Crawled caption data:
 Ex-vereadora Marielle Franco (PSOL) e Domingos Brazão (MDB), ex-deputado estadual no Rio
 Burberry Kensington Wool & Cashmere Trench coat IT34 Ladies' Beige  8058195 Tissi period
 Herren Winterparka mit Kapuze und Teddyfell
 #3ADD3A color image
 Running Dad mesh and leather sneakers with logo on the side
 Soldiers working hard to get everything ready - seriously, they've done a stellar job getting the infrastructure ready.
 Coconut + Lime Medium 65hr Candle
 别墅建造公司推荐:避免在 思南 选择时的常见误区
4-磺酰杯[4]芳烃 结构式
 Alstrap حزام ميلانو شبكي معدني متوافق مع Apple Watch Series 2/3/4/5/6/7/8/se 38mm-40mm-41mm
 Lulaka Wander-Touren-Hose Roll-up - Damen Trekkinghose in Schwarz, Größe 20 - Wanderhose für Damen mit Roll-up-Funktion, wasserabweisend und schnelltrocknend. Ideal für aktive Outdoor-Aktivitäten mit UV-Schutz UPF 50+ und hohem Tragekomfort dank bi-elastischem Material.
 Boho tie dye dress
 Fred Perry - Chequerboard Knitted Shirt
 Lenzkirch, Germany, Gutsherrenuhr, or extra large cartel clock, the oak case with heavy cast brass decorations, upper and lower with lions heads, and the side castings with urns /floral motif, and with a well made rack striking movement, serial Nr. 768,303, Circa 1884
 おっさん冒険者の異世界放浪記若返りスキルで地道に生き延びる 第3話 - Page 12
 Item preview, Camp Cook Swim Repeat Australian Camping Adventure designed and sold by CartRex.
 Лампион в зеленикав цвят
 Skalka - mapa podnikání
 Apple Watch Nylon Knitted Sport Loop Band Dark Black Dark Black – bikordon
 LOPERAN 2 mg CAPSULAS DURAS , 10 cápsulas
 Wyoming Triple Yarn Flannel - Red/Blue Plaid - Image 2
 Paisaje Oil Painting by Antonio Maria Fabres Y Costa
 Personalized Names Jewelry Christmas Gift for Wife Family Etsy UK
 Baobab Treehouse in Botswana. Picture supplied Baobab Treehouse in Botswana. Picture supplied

#### [DESCRIPTION OF THE TASK]
Your answer is the line containing "Лампион в зеленикав цвят" plus every line after it through the end of the entries, given again exactly and alone.

#### [RESULT OF THIS TASK]
 Лампион в зеленикав цвят
 Skalka - mapa podnikání
 Apple Watch Nylon Knitted Sport Loop Band Dark Black Dark Black – bikordon
 LOPERAN 2 mg CAPSULAS DURAS , 10 cápsulas
 Wyoming Triple Yarn Flannel - Red/Blue Plaid - Image 2
 Paisaje Oil Painting by Antonio Maria Fabres Y Costa
 Personalized Names Jewelry Christmas Gift for Wife Family Etsy UK
 Baobab Treehouse in Botswana. Picture supplied Baobab Treehouse in Botswana. Picture supplied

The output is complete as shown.